Seven future trends to be aware of

feature-future-200Thomas Frey is a futurist. It’s his job to predict the future by identifying emerging global trends.

What Frey does might sound a little like fortune telling but spotting new trends is an important way of ensuring your business is well positioned for the future.

Frey spoke to SmartCompany from the United States ahead of his upcoming visit to Australia for the Ci2012 conference.

Here are his seven predictions for the future:

1. Project-based working

At the moment the average person in the United States who is 30 years old has had 11 different jobs.

Frey predicts the average 30-year-old just 10 years from now will have worked on between 200-300 different projects.

“We’re becoming a much more project based society,” Frey says.

“The internet and the communications systems that have evolved out of the internet have enabled us to align the needs of a business with the talent of individuals in a far more precise way than ever in the past.”

Rather than hiring a full time employee it is now much easier for businesses to bring them on for a two-hour project or a two-week project or a two-month project.

“This type of piecemeal work actually sits very well with the thinking of the younger generation,” Frey says.

Ironically, Frey says the younger generation find security in being able to do this because they don’t want to end up like their parents.

Generation X and Y look at their parents who have jobs for long periods of time and then the jobs go away and they’re devastated and can never quite get back on track again.

“The idea of being able to jump from job to job to job meshes very well with that thinking,” he says.

Project-based working also fits in with other trends in the business world.

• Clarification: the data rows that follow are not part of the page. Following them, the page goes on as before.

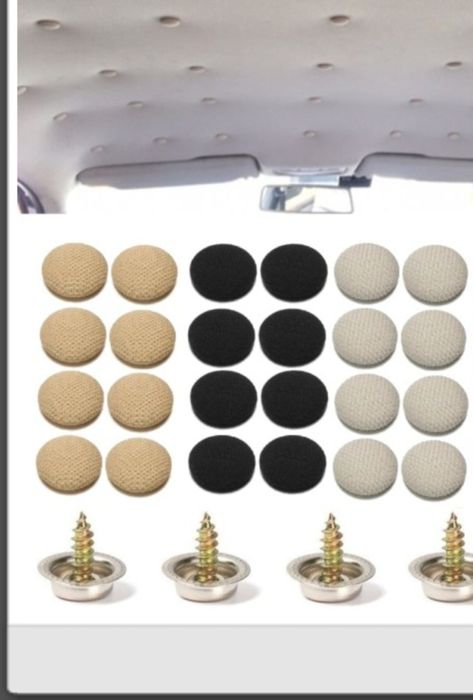Копчета за увиснал таван бежови сиви и черни в комплект от 30бр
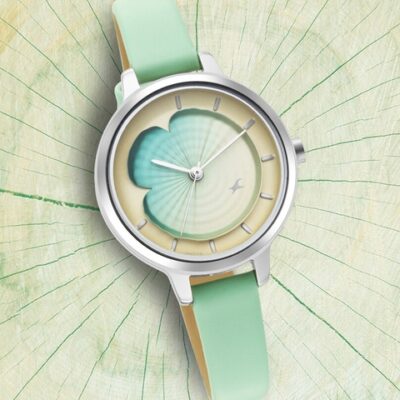 Fastrack Women Green Brass Printed Dial ...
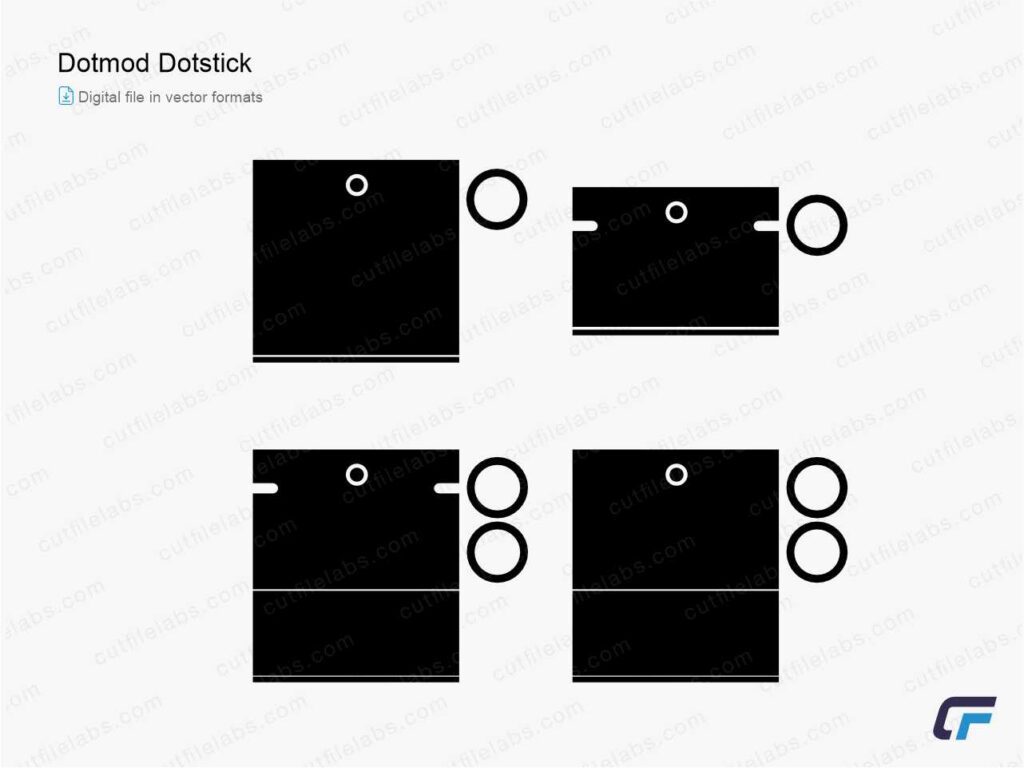 DotMod DotStick (2020) Cut File Template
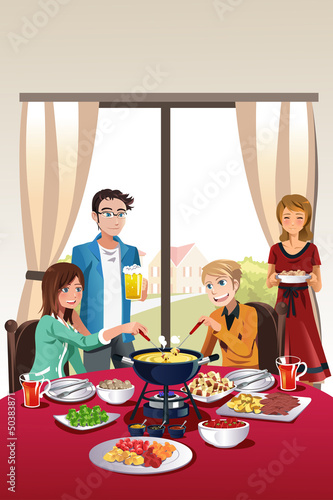 Fondue party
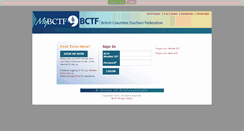 Desktop Screenshot of members.bctf.ca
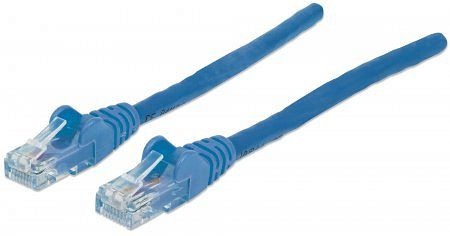 INTELLINET Netzwerkkabel, Cat6, U/UTP, CCA, RJ45-Stecker/RJ45-Stecker, 20,0 m, blau, 730464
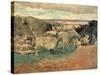 Barnard Castle from Towler Hill-John Sell Cotman-Stretched Canvas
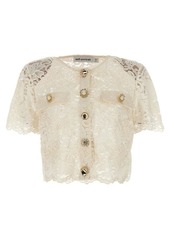 Self Portrait SELF-PORTRAIT 'Cream Cord Lace' shirt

Businesses have an obligation to hire the fewest people that they can get away with and governments around the world continue to add regulations for businesses, making it more difficult for them to hire additional people.

“As the overhead costs of each employee continue to go up businesses are looking to circumvent the traditional hiring process, and so this idea of bringing people on in a project basis tends to mesh very well with that,” he says.

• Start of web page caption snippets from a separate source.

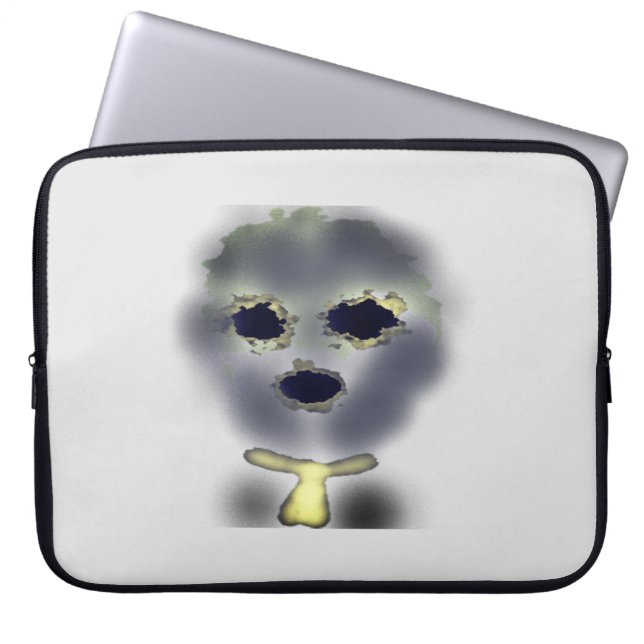DESIGN MET LAPTOPMOUW LAPTOP SLEEVE (Voorkant)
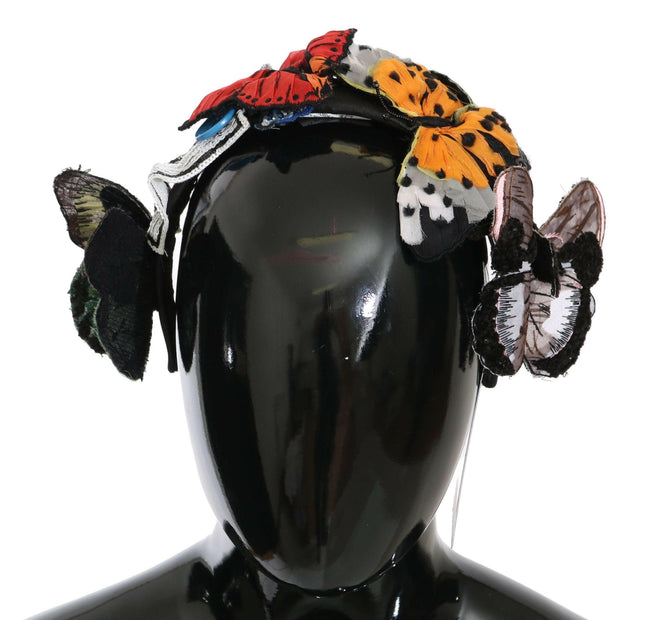Dolce & Gabbana Tiara Floral Butterfly Sequin Diadem Headband - GENUINE AUTHENTIC BRAND LLC  
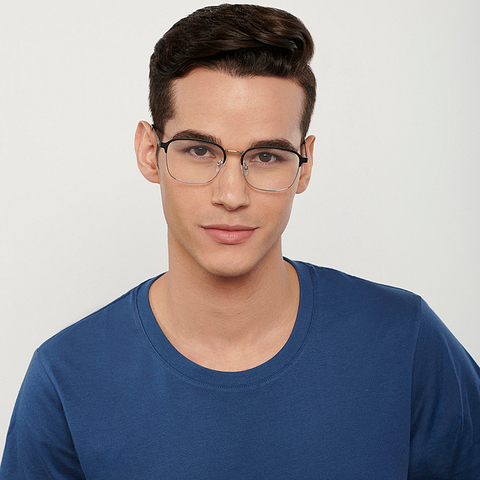 Vincent Chase Online Dark Gunmetal Full Rim Square left side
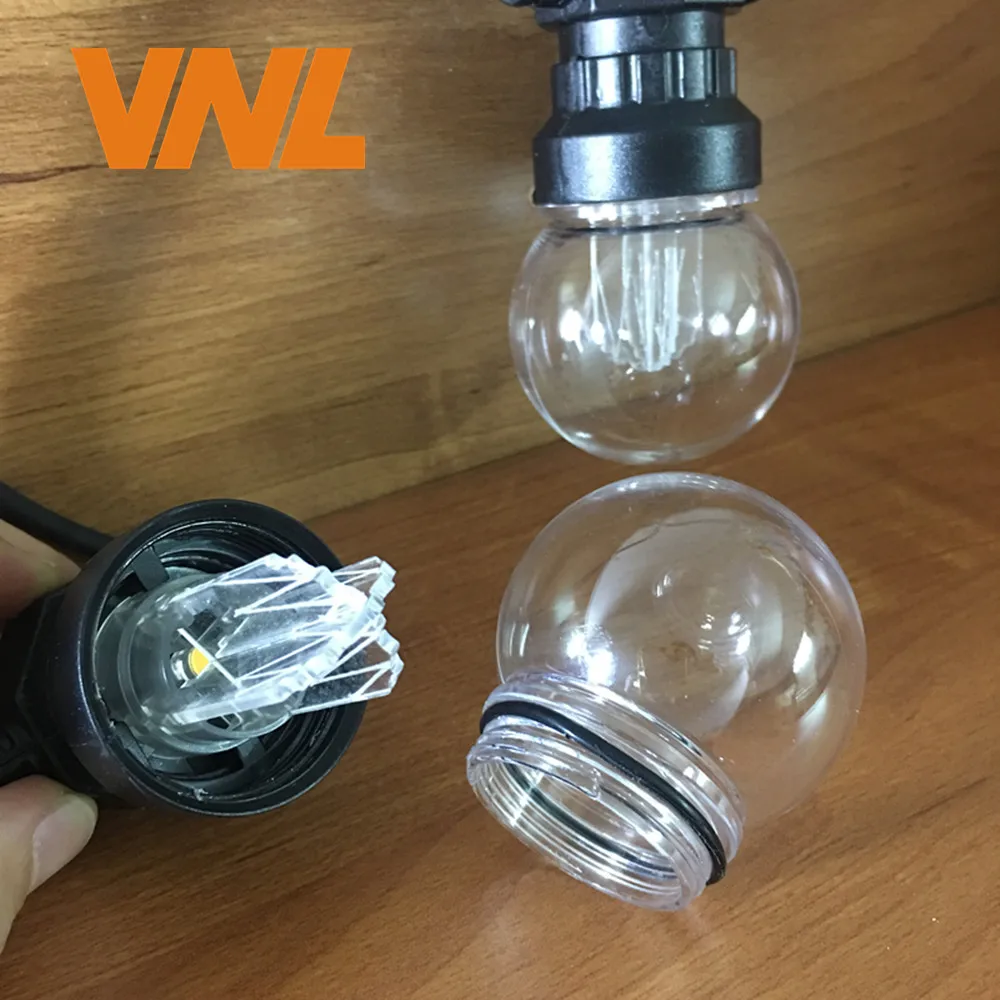 VNL, 13 м, 20X, Droop G50, светодиодный шар, коммерческое освещение для наружной свадьбы, гирлянда, рождественские, вечерние, для патио, Decorition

Frey predicts project-based working will become a “critical component” in the way businesses are formulated and will work in the future.

2. Business colonies

Rather than workplaces, Frey predicts there will be business colonies.

With a lot of people doing project work they will have difficulty lining up one project after another after another so business colonies will be the solution.

Frey describes the colonies as “kind of an evolution of our current co-working spaces that we have today”.

He predicts business colonies will work how the movie industry has worked for years.

When the movie industry starts a new movie project, it will bring on writers, directors, actors and crew. All these people come together for the project and once that project is over they move on to another project. Frey says business colonies will operate like this.

“Some of these business colonies will be virtual; some of them will be physical, or a combination of both,” he says.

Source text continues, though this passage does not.